(Brief descriptive captions)
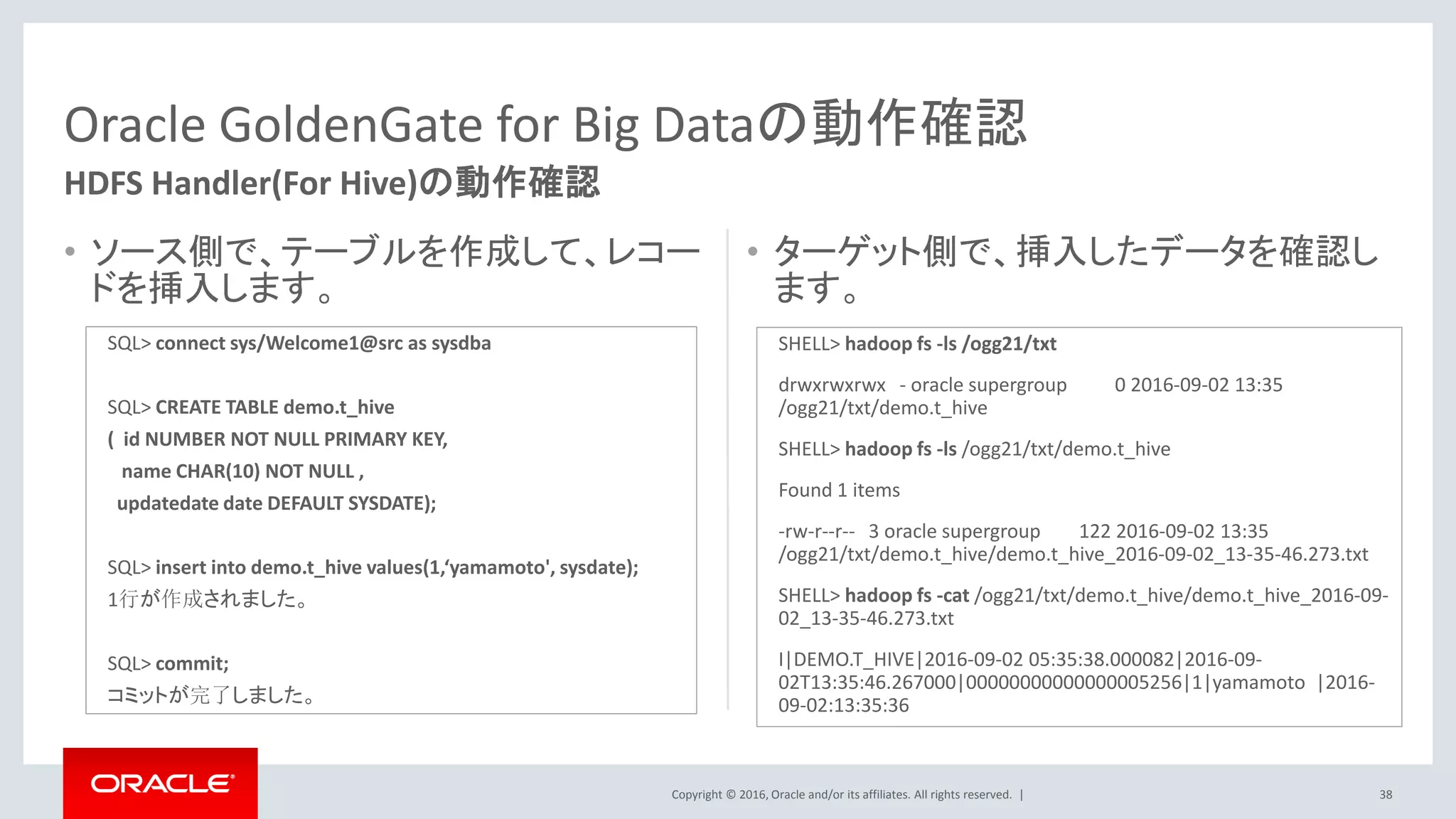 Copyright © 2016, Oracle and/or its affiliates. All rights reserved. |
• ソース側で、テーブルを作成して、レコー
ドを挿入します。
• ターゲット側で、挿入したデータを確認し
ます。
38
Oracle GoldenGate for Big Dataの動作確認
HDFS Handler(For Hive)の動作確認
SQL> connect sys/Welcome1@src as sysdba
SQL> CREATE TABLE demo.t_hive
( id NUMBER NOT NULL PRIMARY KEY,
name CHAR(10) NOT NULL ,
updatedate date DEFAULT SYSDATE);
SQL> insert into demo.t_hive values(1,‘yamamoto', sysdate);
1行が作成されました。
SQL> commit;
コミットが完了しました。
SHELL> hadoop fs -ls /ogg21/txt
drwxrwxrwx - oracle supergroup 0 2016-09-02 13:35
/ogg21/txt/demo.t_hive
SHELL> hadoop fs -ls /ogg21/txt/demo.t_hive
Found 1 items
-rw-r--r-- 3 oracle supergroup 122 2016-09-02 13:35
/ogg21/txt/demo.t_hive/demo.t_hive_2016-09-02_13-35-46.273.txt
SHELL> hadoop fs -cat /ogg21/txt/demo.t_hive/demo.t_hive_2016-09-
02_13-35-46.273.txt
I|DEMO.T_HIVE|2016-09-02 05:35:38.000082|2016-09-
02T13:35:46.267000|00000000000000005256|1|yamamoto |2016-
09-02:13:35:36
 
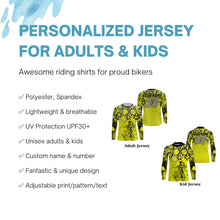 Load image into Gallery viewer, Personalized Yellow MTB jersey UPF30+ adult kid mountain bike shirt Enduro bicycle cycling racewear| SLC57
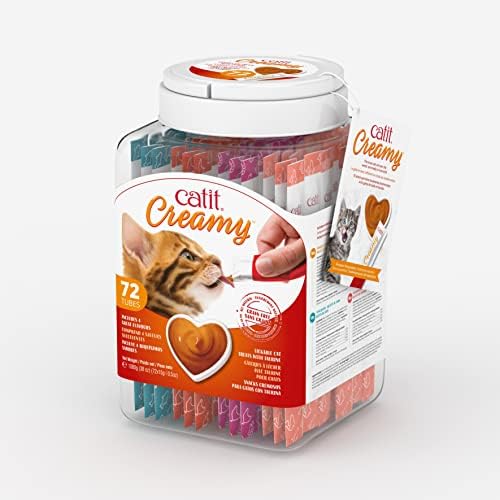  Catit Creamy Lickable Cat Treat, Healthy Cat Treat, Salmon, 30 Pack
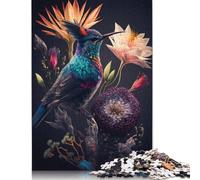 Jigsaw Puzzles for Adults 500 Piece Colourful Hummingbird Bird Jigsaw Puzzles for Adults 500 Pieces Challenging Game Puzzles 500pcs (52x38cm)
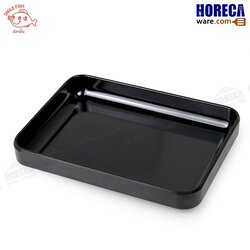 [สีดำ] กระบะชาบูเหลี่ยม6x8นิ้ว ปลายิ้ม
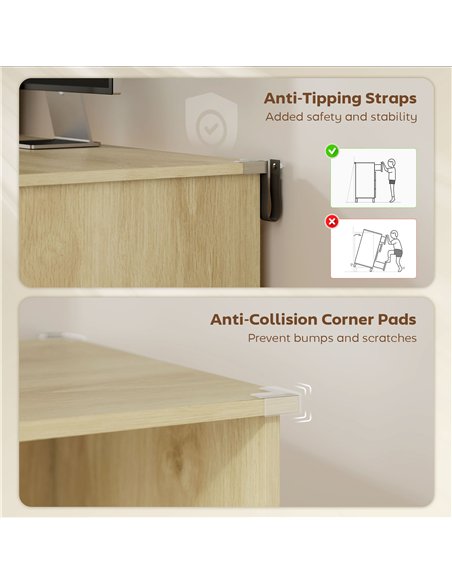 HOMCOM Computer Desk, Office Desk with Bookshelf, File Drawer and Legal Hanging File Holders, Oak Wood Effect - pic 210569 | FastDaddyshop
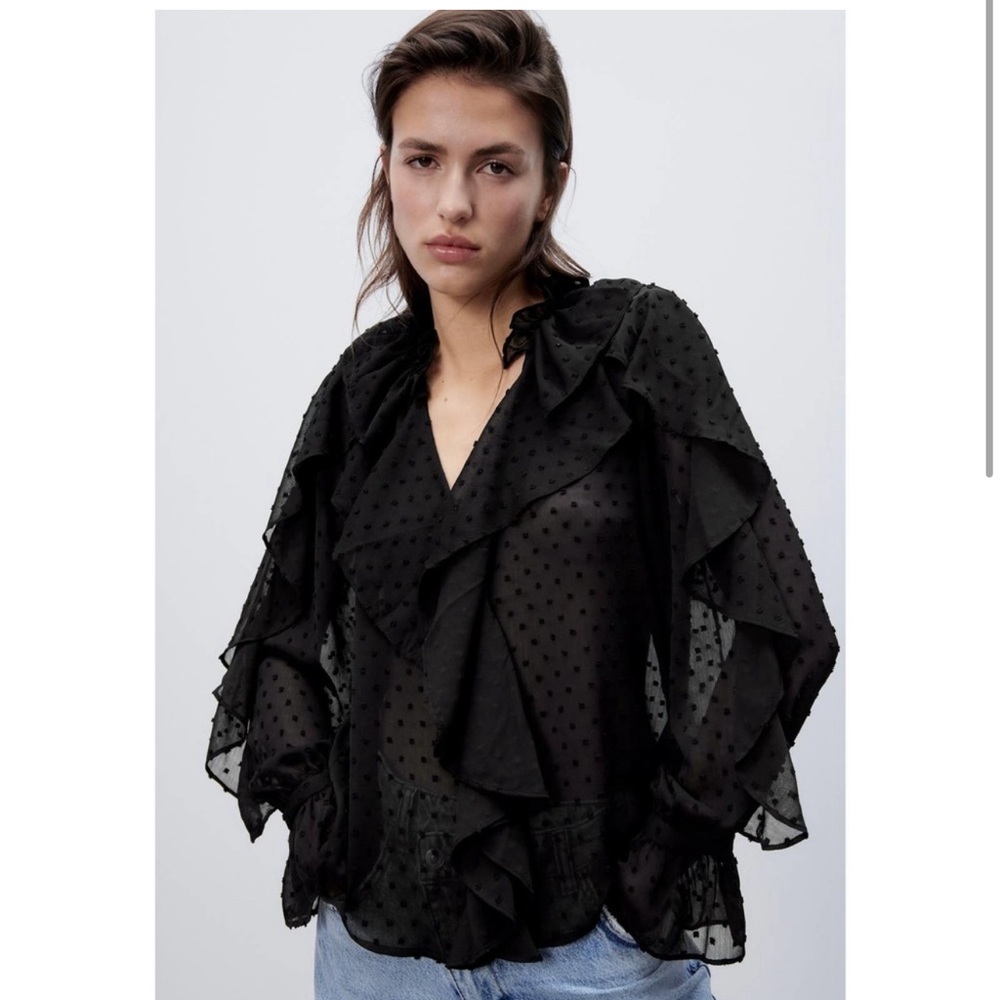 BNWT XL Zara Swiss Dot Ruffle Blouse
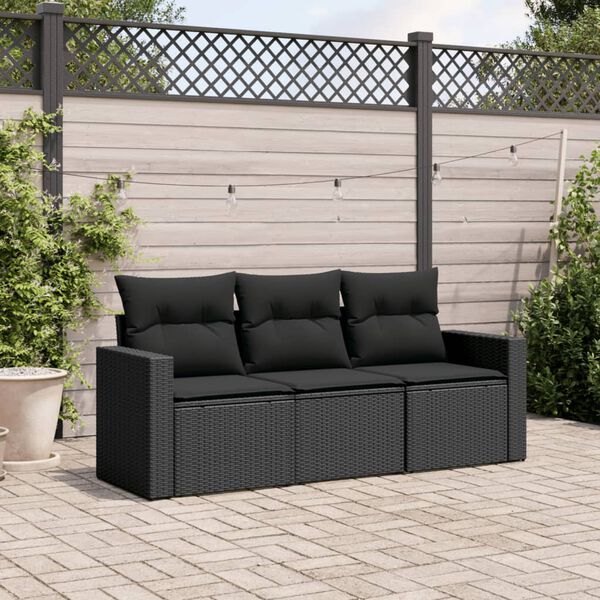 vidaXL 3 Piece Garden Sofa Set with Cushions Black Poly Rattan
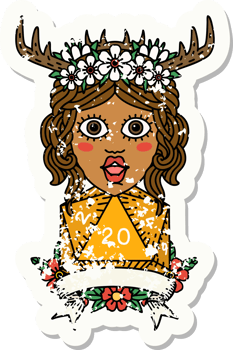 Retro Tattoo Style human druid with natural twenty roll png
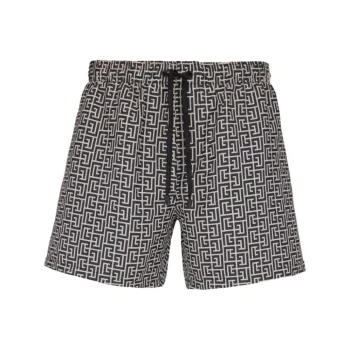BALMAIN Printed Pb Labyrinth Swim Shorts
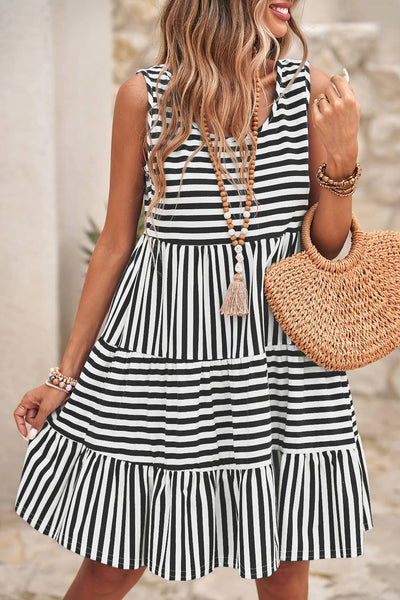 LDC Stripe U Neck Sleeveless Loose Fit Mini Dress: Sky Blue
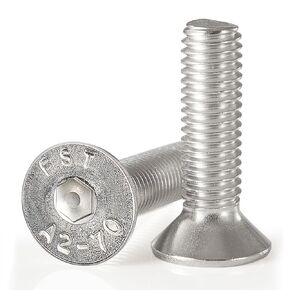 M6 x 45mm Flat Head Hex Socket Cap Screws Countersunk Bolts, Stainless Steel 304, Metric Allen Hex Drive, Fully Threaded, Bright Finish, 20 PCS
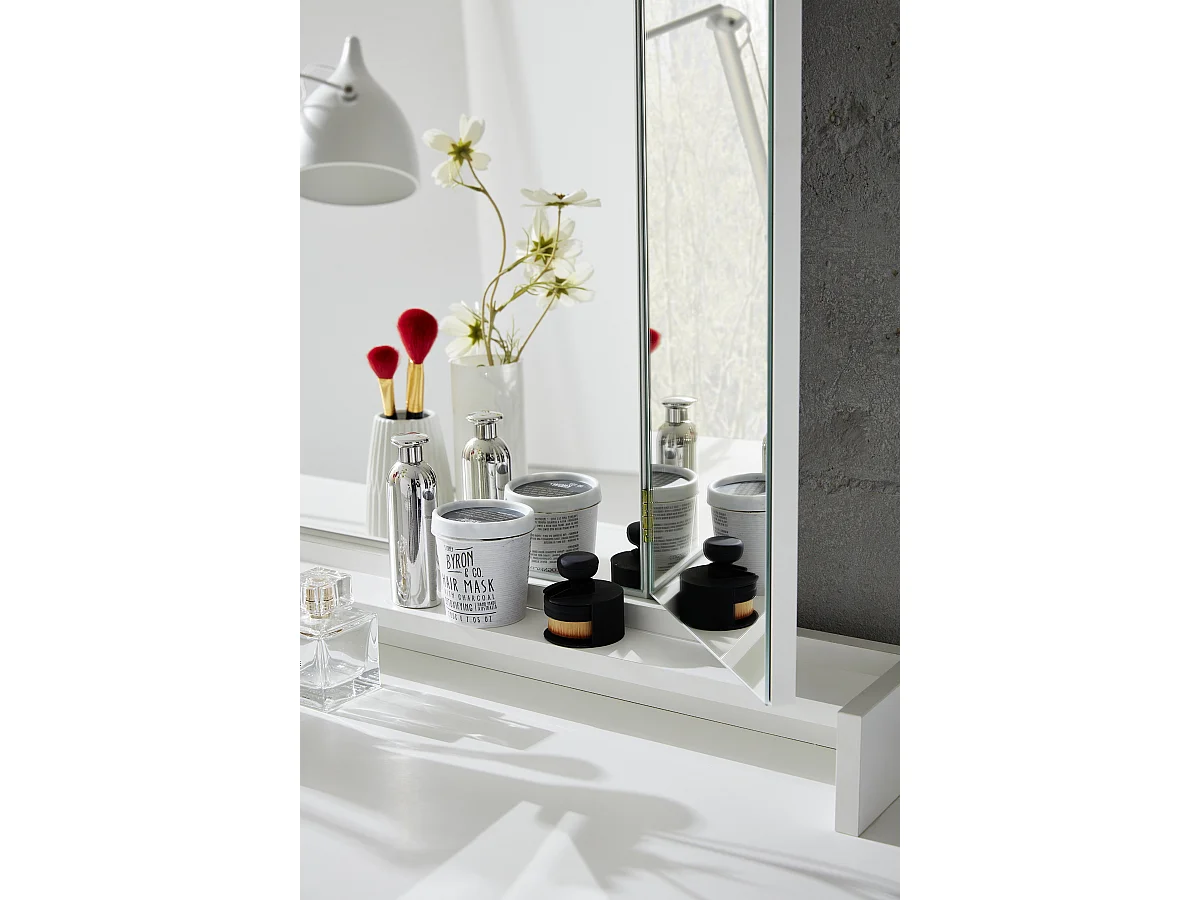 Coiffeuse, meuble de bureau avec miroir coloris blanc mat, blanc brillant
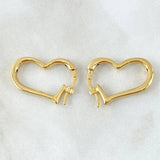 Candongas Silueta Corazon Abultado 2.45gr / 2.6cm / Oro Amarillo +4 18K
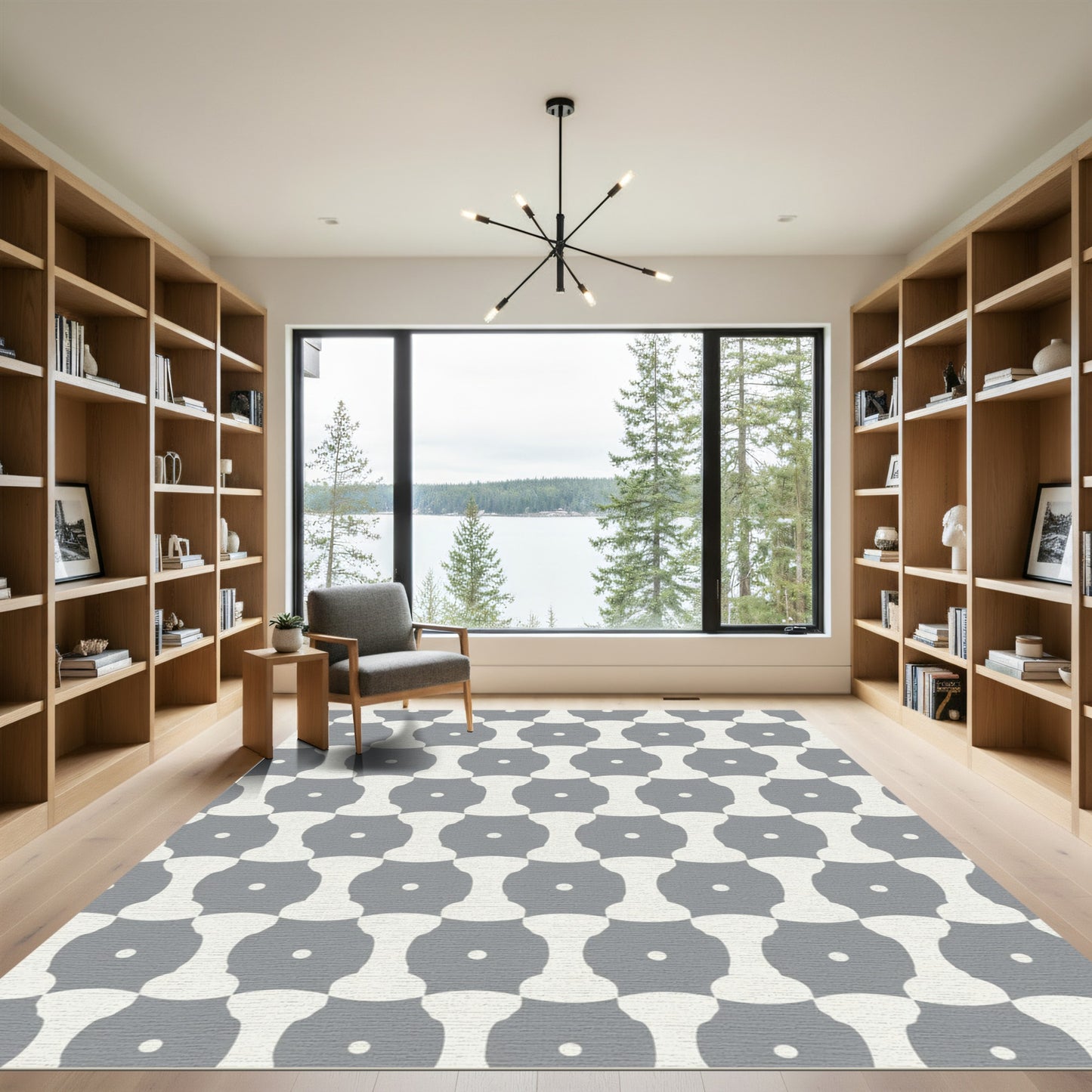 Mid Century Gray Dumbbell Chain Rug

What the exercise asks –
What the answer must hold: all the data above, given again exactly, without pictures.

Written response –
 Copyright © 2016, Oracle and/or its affiliates. All rights reserved. |
• ソース側で、テーブルを作成して、レコー
ドを挿入します。
• ターゲット側で、挿入したデータを確認し
ます。
38
Oracle GoldenGate for Big Dataの動作確認
HDFS Handler(For Hive)の動作確認
SQL> connect sys/Welcome1@src as sysdba
SQL> CREATE TABLE demo.t_hive
( id NUMBER NOT NULL PRIMARY KEY,
name CHAR(10) NOT NULL ,
updatedate date DEFAULT SYSDATE);
SQL> insert into demo.t_hive values(1,‘yamamoto', sysdate);
1行が作成されました。
SQL> commit;
コミットが完了しました。
SHELL> hadoop fs -ls /ogg21/txt
drwxrwxrwx - oracle supergroup 0 2016-09-02 13:35
/ogg21/txt/demo.t_hive
SHELL> hadoop fs -ls /ogg21/txt/demo.t_hive
Found 1 items
-rw-r--r-- 3 oracle supergroup 122 2016-09-02 13:35
/ogg21/txt/demo.t_hive/demo.t_hive_2016-09-02_13-35-46.273.txt
SHELL> hadoop fs -cat /ogg21/txt/demo.t_hive/demo.t_hive_2016-09-
02_13-35-46.273.txt
I|DEMO.T_HIVE|2016-09-02 05:35:38.000082|2016-09-
02T13:35:46.267000|00000000000000005256|1|yamamoto |2016-
09-02:13:35:36
 
 Load image into Gallery viewer, Personalized Yellow MTB jersey UPF30+ adult kid mountain bike shirt Enduro bicycle cycling racewear| SLC57
  Catit Creamy Lickable Cat Treat, Healthy Cat Treat, Salmon, 30 Pack
 Jigsaw Puzzles for Adults 500 Piece Colourful Hummingbird Bird Jigsaw Puzzles for Adults 500 Pieces Challenging Game Puzzles 500pcs (52x38cm)
 [สีดำ] กระบะชาบูเหลี่ยม6x8นิ้ว ปลายิ้ม
 HOMCOM Computer Desk, Office Desk with Bookshelf, File Drawer and Legal Hanging File Holders, Oak Wood Effect - pic 210569 | FastDaddyshop
 BNWT XL Zara Swiss Dot Ruffle Blouse
 vidaXL 3 Piece Garden Sofa Set with Cushions Black Poly Rattan
 Retro Tattoo Style human druid with natural twenty roll png
BALMAIN Printed Pb Labyrinth Swim Shorts
 LDC Stripe U Neck Sleeveless Loose Fit Mini Dress: Sky Blue
 M6 x 45mm Flat Head Hex Socket Cap Screws Countersunk Bolts, Stainless Steel 304, Metric Allen Hex Drive, Fully Threaded, Bright Finish, 20 PCS
 Coiffeuse, meuble de bureau avec miroir coloris blanc mat, blanc brillant
 Candongas Silueta Corazon Abultado 2.45gr / 2.6cm / Oro Amarillo +4 18K
 Mid Century Gray Dumbbell Chain Rug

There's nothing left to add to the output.